Quote the entries in full, character for character, without their images.
━━━━━ Entries supplied
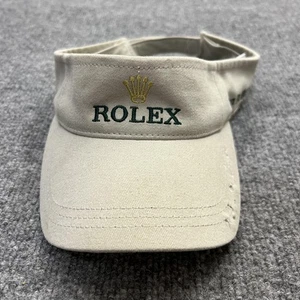 Rolex Hat Visor Strap Back Khaki Green Embroidered Crown Promo Golf Mens Charity - Picture 1 of 8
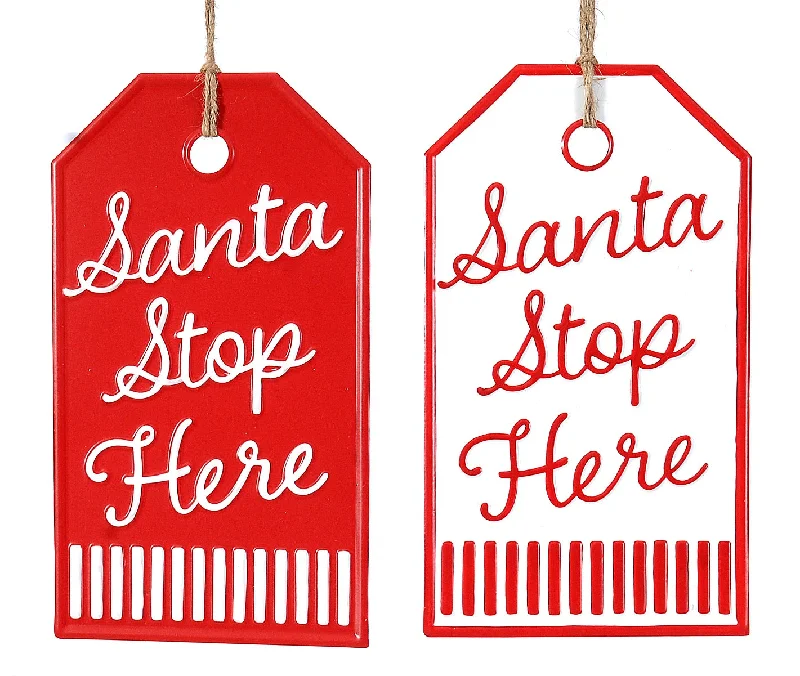 Metal Sign Santa Stop Here 13cm 2 Pieces - 10354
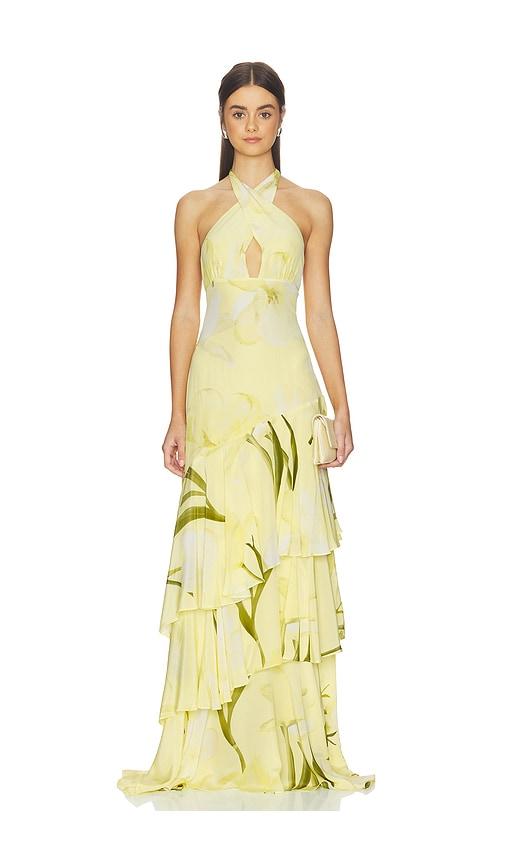 cara cara amethyst dress in lemon.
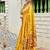 Yellow soft silk blend banarasi jacuard work designer party wear saree with unstitched blouse piece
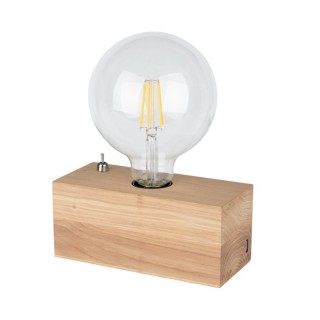 Lampe de Table en Bois de Chêne Huilé avec chargeur USB Intégré, 1xE27 Max.25W,THEO,7461174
━━━━━━━━━━
Answer to this exercise:
 Rolex Hat Visor Strap Back Khaki Green Embroidered Crown Promo Golf Mens Charity - Picture 1 of 8
 Metal Sign Santa Stop Here 13cm 2 Pieces - 10354
 cara cara amethyst dress in lemon.
 Yellow soft silk blend banarasi jacuard work designer party wear saree with unstitched blouse piece
 Lampe de Table en Bois de Chêne Huilé avec chargeur USB Intégré, 1xE27 Max.25W,THEO,7461174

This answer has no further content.